Before 2008, home values had exploded. For example, a home in Tampa’s Seminole Heights neighborhood appraised for $286,000 in 2006. By the time it was auctioned off in 2012, the bank received just $60,000 for the home.
Llano Financing Group, based in Texas, filed eight separate lawsuits targeting appraisers and their companies for damages associated with foreclosure losses.
Three of them seek damages totaling nearly $1 million.
Llano argues appraisers negligently overvalued an area home in 2005 or 2006. In the three lawsuits analyzed against Jodi Brown and George Vecchio of the Appraiser Group of Florida, Sharon Griffith and Griffith Real Estate Appraisal Services and Melissa Lester and Metro-West Appraisal Company, owners who had purchased those homes defaulted.
The lender was forced to foreclose on the properties and resell the homes. Those sales all came in 2012 and reportedly fell hundreds of thousands of dollars short of the borrowers’ outstanding loan balance.
The lawsuit alleges appraisers compared the properties to dissimilar properties, failed to abide by normal appraisal practices and intentionally made false statements to the lenders in order to issue loans.
Lenders rely on appraisals when determining whether to issue a loan. If an appraisal is more than what a home is selling for, it’s typically a safe bet that the lender will be able to recoup its investment if a borrower defaults.

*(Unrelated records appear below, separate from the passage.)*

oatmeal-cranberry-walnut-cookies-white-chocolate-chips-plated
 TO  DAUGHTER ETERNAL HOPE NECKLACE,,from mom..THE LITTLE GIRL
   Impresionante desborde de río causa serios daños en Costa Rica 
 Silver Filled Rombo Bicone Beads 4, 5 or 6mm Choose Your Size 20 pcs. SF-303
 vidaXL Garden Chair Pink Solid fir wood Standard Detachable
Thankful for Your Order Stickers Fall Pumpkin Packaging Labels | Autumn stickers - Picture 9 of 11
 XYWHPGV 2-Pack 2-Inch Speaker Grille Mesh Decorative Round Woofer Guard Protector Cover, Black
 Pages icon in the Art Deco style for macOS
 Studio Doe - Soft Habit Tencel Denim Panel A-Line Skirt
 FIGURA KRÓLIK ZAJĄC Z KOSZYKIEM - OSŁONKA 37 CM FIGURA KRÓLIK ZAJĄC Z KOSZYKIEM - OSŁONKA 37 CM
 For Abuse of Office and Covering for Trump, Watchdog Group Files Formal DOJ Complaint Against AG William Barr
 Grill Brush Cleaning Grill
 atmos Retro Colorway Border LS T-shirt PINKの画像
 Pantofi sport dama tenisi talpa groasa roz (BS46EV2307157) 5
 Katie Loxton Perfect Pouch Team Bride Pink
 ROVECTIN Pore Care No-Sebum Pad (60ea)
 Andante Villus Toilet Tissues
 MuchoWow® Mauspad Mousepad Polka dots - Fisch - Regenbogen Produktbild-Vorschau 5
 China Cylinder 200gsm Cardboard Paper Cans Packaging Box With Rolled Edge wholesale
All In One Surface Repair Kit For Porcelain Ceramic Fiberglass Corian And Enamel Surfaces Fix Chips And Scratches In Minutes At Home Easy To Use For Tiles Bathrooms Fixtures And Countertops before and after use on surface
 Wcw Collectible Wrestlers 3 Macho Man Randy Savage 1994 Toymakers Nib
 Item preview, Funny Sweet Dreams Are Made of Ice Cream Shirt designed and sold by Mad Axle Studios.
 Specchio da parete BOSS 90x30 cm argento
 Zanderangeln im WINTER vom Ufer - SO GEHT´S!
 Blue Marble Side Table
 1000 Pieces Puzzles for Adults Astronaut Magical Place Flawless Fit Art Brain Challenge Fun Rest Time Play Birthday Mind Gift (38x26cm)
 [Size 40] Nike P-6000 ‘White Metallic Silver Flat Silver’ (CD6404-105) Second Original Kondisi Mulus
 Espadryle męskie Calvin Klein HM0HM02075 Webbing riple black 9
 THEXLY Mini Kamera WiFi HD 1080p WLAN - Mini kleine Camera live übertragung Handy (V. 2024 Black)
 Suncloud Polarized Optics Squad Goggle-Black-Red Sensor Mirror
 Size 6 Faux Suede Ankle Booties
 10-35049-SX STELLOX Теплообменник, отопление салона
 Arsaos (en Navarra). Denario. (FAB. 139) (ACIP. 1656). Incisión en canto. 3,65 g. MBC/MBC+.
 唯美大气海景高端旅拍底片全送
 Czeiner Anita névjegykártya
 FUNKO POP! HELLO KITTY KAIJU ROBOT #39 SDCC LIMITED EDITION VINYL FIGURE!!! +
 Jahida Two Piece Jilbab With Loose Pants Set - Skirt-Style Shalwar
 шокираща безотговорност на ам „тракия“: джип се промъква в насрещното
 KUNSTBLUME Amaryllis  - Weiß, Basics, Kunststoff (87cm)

In many cases associated with the real estate crash, home values had devalued intensely post 2008.
Appraisers are likely to argue they did nothing wrong because the appraisals were consistent and normal at the time among the entire industry. There’s also a reasonable argument that lenders were perfectly content to accepting the high appraisal values. And, as the predatory lending allegations go, they may have even demanded the high appraisals in order to command higher profits.
On top of the arguments appraisers could reasonably make, Llano is not even the original lender. Llano claims it acquired rights to sue the appraisers from Impac Funding who had acquired the loans from original lenders.
It is not uncommon, however, for original lenders and even secondary lenders to sell off loans to other companies.